Selain itu, Saldi meminta agar Lieus menjelaskan alasan dan argumentasi mengapa Pasal 222 UU Pemilu dianggap bertentangan dengan UUD 1945. Ia diminta untuk mempelajari putusan MK sebelumnya. “Kira-kira celah apa lagi yang harus ditambahkan argumentasinya sehingga dasar permohonan pengujian menjadi kuat. Tadi Pak Manahan bilang, tolong dong kami dicarikan alasan yang baru. Kalau alasan lama, sudah diputus. Siapa tahu dengan alasan Pak Lieus, permohonan dikabulkan,” kata Saldi.
Selain perkara Lieus, MK juga menggelar sidang panel untuk perkara serupa yang diajukan oleh tiga anggota Dewan Perwakilan Daerah (DPD), yaitu Tamsil Linrung, Fahira Idris, dan Edwin Pratama Putra). Dengan dipimpin oleh ketua sidang panel Enny Nurbaningsih, kuasa hukum pemohon, Ahmad Yani, menguraikan secara panjang lebar alasan kliennya menguji norma mengenai presidential threshold di UU Pemilu.
Bendera-bendera partai politik saat Sosialisasi Pemanfaatan Teknologi Informasi Pada Pemilu Tahun 2024 yang diselenggarakan KPU di Gedung KPU, Jakarta, Kamis (13/1/2022).
Hingga kini, norma tersebut tengah diperiksa konstitusionalitasnya di MK atas permohonan dari sejumlah pihak seperti Musa Darwin Pane, Gatot Nurmantyo (mantan Panglima TNI), Bustami Zainuddin dan Fachrul Razi (dua anggota DPD), Tamsil Linrung, Fahira Idris, dkk (juga anggota DPD), Lieus Sungkharisma (mantan tim kampanye pasangan calon presiden-wakil presiden, Prabowo Subianto-Sandiaga Uno, di Pemilu Presiden 2019), Ikhwan Mansyur Situmeang (aparatur sipil negara), Partai Ummat, dan lainnya.
Lieus barang kali hanya salah satu dari sekian banyak warga negara yang memimpikan punya alternatif capres dan cawapres yang bisa dipilih pada Pemilu 2024. Kata kuncinya adalah banyak pilihan.
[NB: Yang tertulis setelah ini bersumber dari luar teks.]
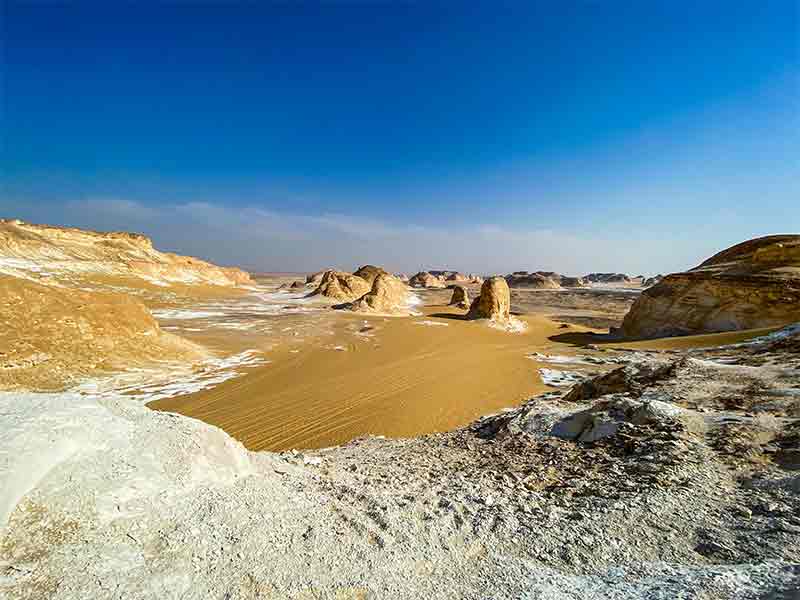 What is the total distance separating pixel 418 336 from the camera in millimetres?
21547

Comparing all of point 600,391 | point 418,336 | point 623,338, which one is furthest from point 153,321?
point 623,338

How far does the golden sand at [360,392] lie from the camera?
865 cm

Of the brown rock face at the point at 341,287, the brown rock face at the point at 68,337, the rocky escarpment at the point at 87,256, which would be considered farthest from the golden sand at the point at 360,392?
the rocky escarpment at the point at 87,256

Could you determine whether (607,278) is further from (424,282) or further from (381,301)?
(381,301)

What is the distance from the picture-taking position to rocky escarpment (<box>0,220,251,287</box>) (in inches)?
1490

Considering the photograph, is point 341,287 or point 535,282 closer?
point 341,287

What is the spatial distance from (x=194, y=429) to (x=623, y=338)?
24.2m

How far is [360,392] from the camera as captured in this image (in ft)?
37.3

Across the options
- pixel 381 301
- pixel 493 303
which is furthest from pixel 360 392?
pixel 381 301

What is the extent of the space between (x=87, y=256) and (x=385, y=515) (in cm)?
5889

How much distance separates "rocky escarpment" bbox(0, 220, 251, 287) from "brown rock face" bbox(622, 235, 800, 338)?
4587cm

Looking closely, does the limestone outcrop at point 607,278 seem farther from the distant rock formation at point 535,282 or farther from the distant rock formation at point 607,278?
the distant rock formation at point 535,282

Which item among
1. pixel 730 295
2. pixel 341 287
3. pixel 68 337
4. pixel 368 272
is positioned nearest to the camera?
pixel 68 337

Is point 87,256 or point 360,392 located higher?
point 87,256
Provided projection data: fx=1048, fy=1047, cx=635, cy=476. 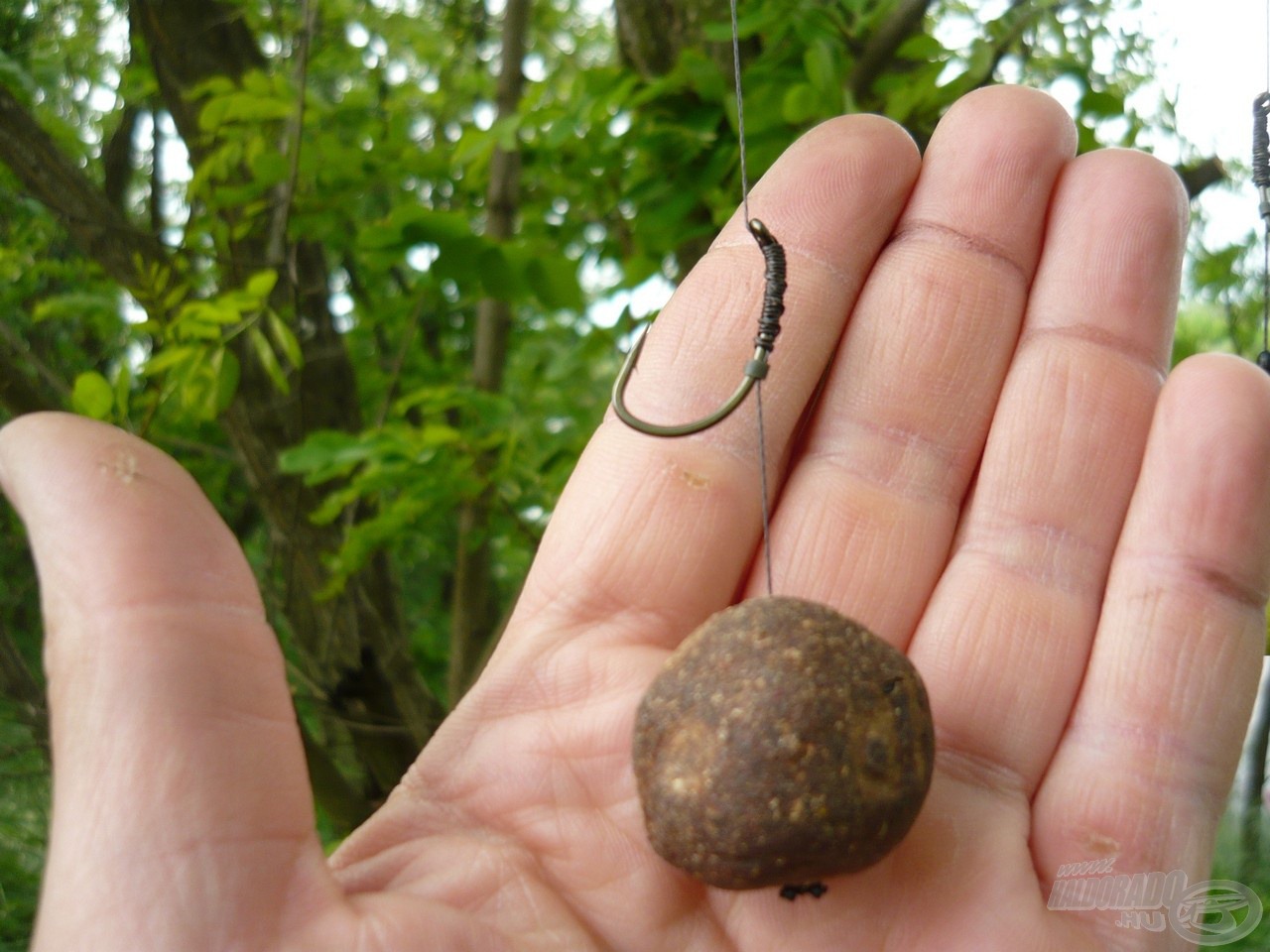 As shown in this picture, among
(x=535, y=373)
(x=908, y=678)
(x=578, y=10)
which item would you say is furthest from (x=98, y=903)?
(x=578, y=10)

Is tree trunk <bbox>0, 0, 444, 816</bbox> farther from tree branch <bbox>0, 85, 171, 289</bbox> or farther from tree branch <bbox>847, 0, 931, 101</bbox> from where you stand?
tree branch <bbox>847, 0, 931, 101</bbox>

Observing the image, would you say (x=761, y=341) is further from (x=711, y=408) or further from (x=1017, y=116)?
(x=1017, y=116)

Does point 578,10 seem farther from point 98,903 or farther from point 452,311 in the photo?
point 98,903

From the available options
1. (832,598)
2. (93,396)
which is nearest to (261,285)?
(93,396)

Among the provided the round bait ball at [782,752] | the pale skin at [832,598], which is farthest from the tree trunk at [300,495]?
the round bait ball at [782,752]

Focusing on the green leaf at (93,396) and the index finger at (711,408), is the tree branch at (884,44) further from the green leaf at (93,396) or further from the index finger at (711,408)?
the green leaf at (93,396)

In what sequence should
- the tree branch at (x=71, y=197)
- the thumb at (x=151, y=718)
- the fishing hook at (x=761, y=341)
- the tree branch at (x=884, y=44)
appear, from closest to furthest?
the thumb at (x=151, y=718) < the fishing hook at (x=761, y=341) < the tree branch at (x=884, y=44) < the tree branch at (x=71, y=197) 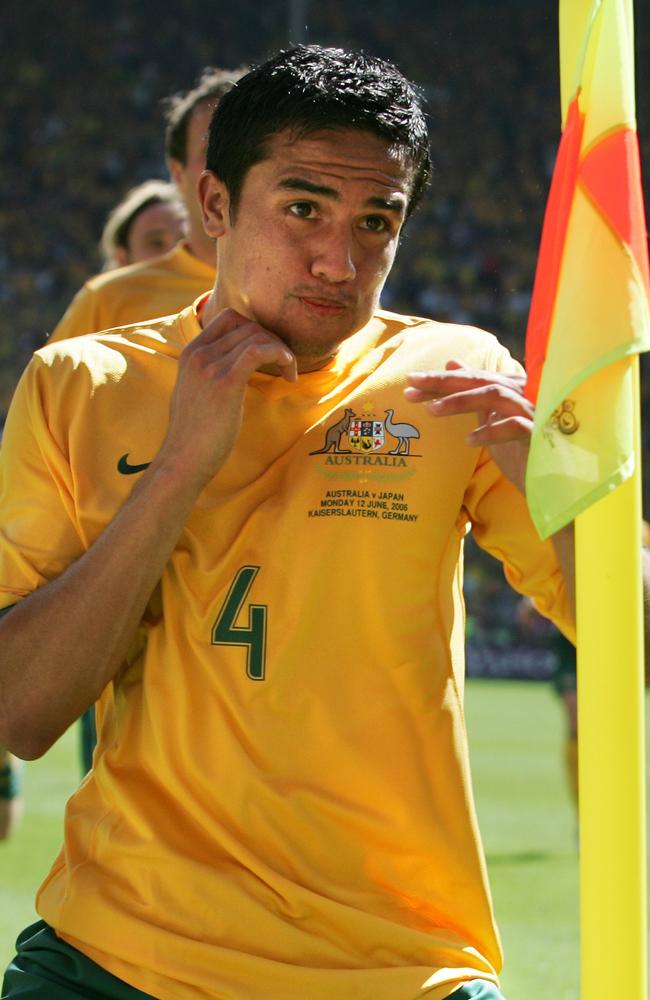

Untuk memperjuangkan itu, ia berani “maju” ke MK meski bermodal pengetahuan beracara seadanya.
“Trima kasih banget deh. Penjelasannya keren,” kata Lieus setelah mendapatkan nasihat dari tiga hakim konstitusi, sesaat sebelum Arief mengetuk palu menutup sidang.
Tak hanya penjelasan, Lieus dan masyarakat kebanyakan sudah pasti menunggu putusan MK yang juga harus keren.